No one was more full of words of sympathy than James Flockart. Gabrielle longed to warn her father of that man, but dared not do so. There was a reason—a strong reason—for her silence. Sir Henry had declared that he was interested in the man's intellectual conversation, and that he rather liked him, though he had never looked upon his face. In some things the old gentleman was ever ready to adopt his daughter's advice and rely upon her judgment; but in others he was quite obstinate and treated her pointed remarks with calm indifference.

One day, at Lady Heyburn's suggestion, Gabrielle, accompanied by Flockart and another of the guests, a retired colonel, had driven over in the big car to Perth to make a call; and on their return she spent some hours in the library with her father, attending to his correspondence.

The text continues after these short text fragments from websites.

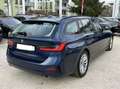 BMW 318 318d Touring - thumbnail 6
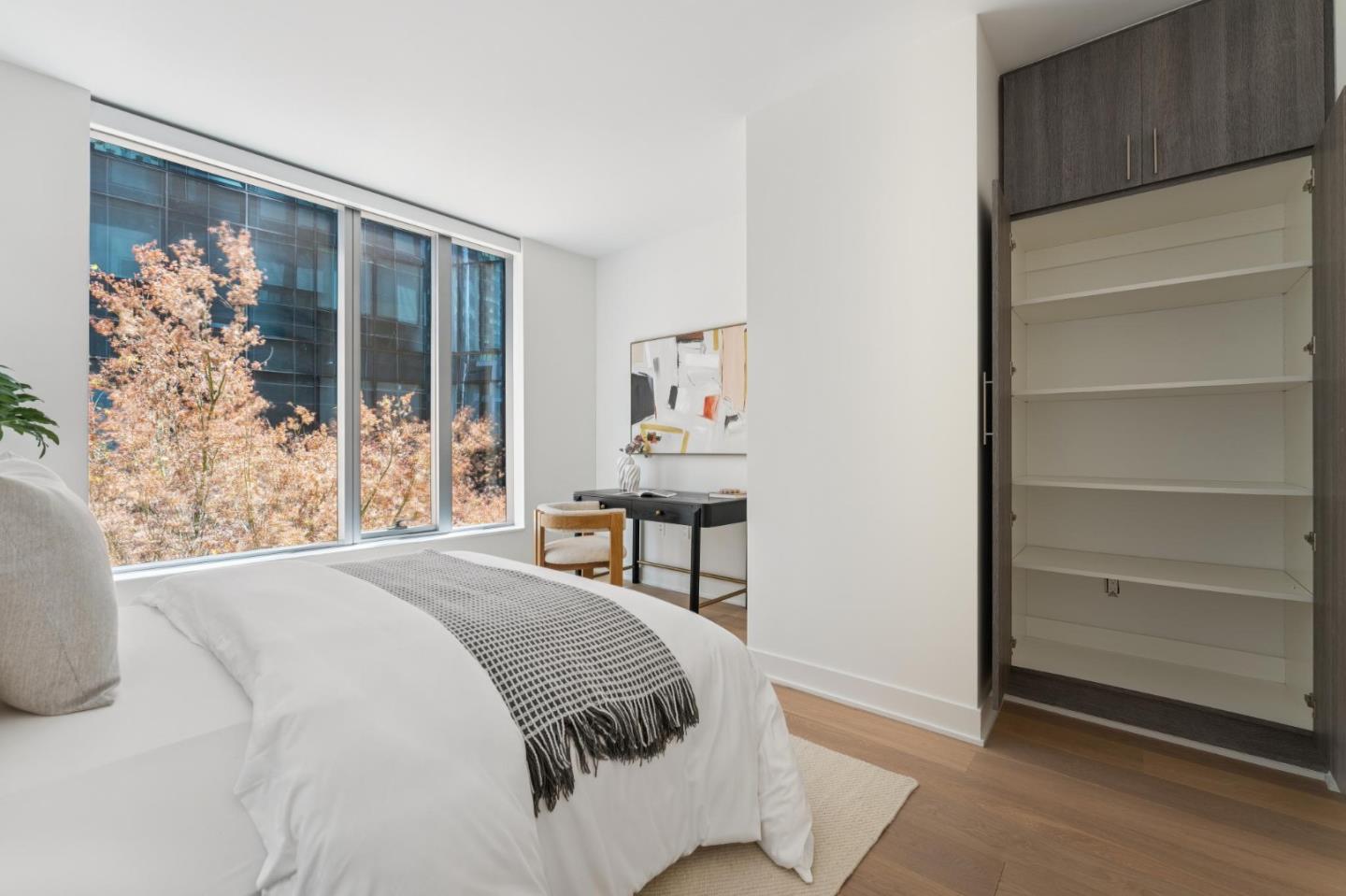 201 Folsom ST 4F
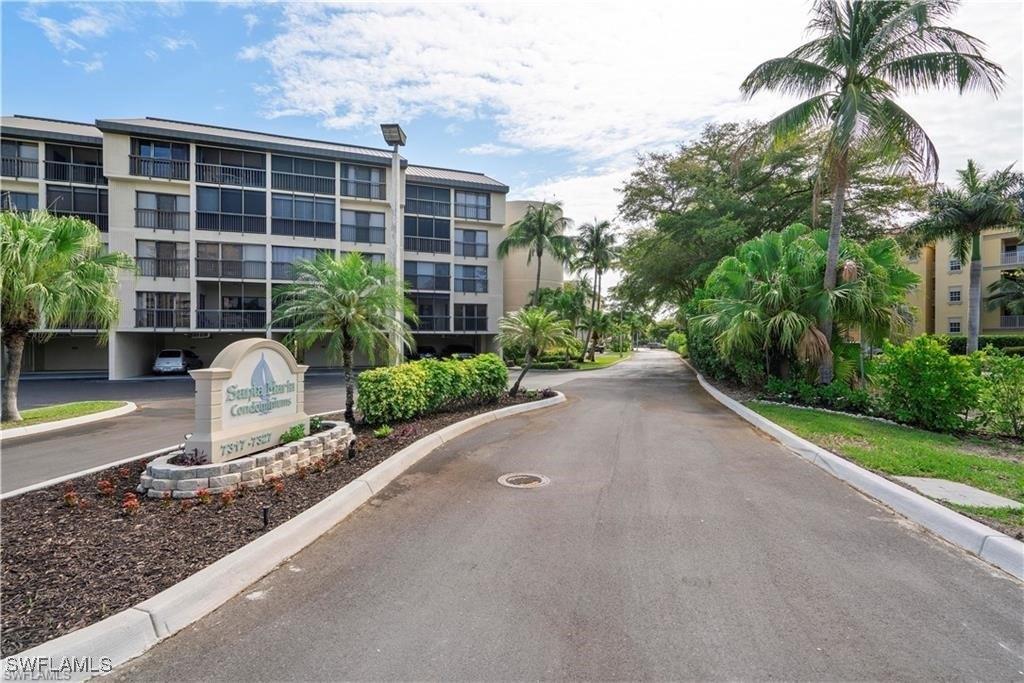 7307 Estero Boulevard unit: 3106 3106, Fort Myers Beach, 佛羅里達州 33931, 美國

That morning a big packet of those typed reports in French had arrived in the usual registered, orange-coloured envelope, and after she had read them over to the Baronet, he had given her the key, and she had got out the code-book. Then, at his instructions, she had written upon a yellow telegraph-form a cipher message addressed to the mysterious "Meteforos, Paris." It read, when decoded:—

"Arrange with amethyst. I agree the price of pearls. Have no fear of Smithson, but watch Peters. If London refuses, then Mayfair. Expect report of Bedford."

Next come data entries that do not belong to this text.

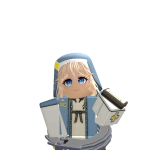 @2OpercentcooIer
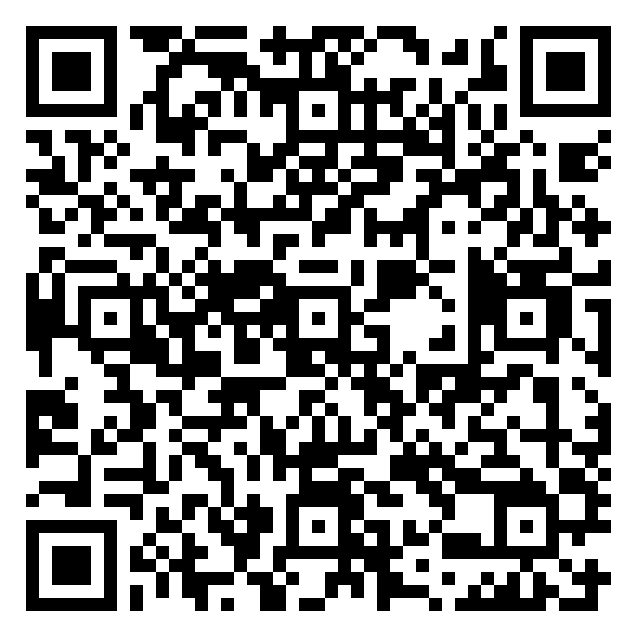 QR code 69065132600000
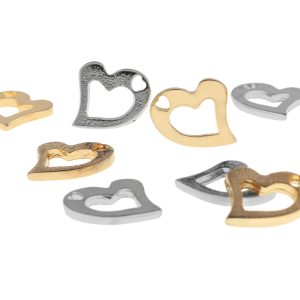 Karthia:Element:Motif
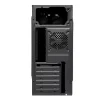 کیس فاطر مدل F-3203 - تصویر 4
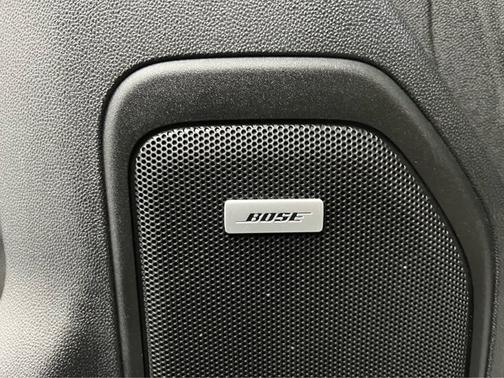 2021 Chevrolet Silverado 2500 LTZ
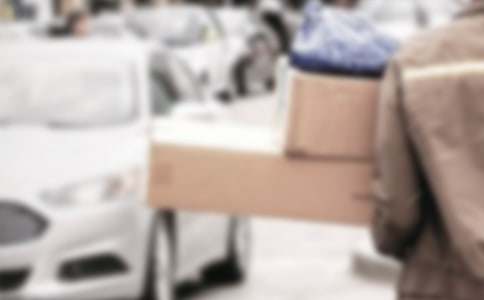 ��ݺ�ͬ���ĺϼ���ƪ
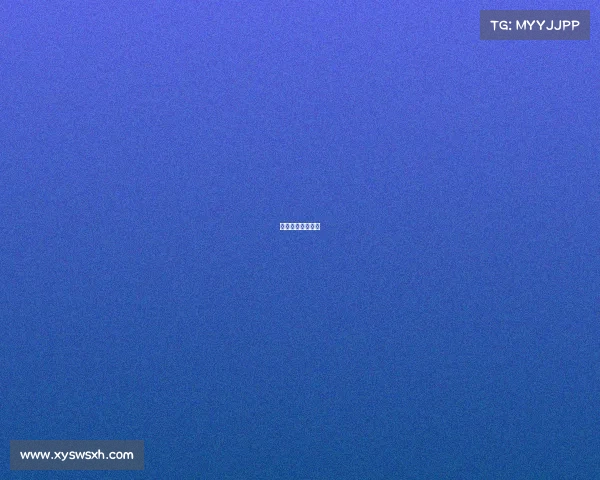 赛事时间改期通知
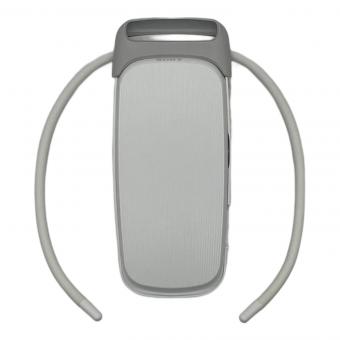 SONY (ソニー) REON POCKET RNPK-5 ウェアラブルサーモデバイス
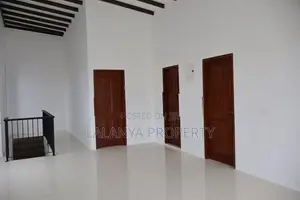 3000 Sqft 3 Storey Office Space/Residence Rent In Rattanapitiya PCCC-A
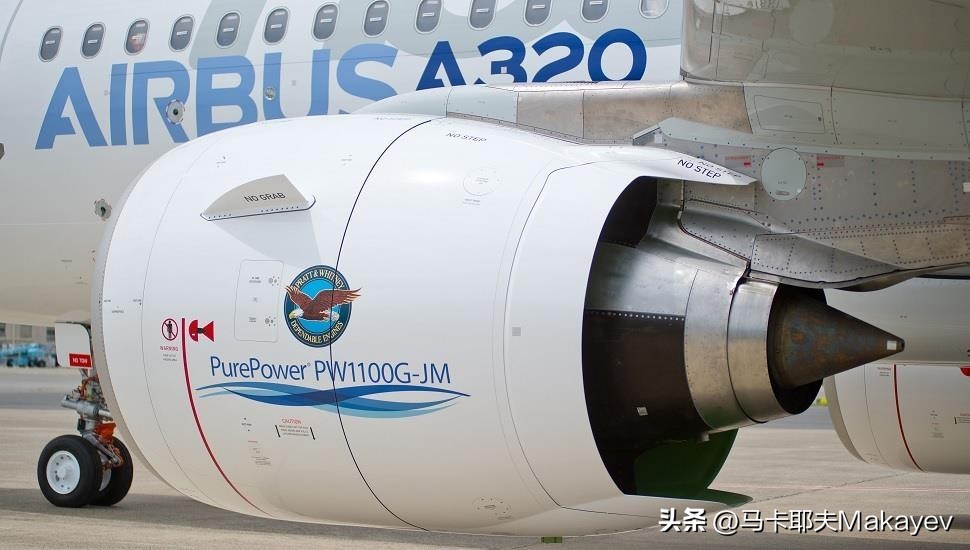 日本mrj飞机,日本mrj客机拆解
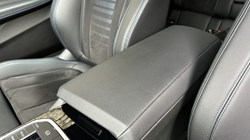 2022 (22) BMW 2 SERIES 220i M Sport 2dr Coupe 4779000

It was not signed by the Baronet's name, but by the signature he always used on such telegraphic replies: "Senrab."

From such a despatch she could gather nothing. At his request she took away the little blue-covered book and relocked it in the safe. Then she rang for Hill, and told him to send the despatch by messenger down to Auchterarder village.

"Very well, miss," replied the man, bowing.

"The car is going down to take Mr. Seymour to the station in about a quarter of an hour, so Stokes will take it."

"And look here," exclaimed the blind man, who was standing before the window with his back to the crimson sunset, "you can tell her ladyship, Hill, that I'm very busy, and I shan't come in to dinner to-night. Just serve a snack here for me, will you?"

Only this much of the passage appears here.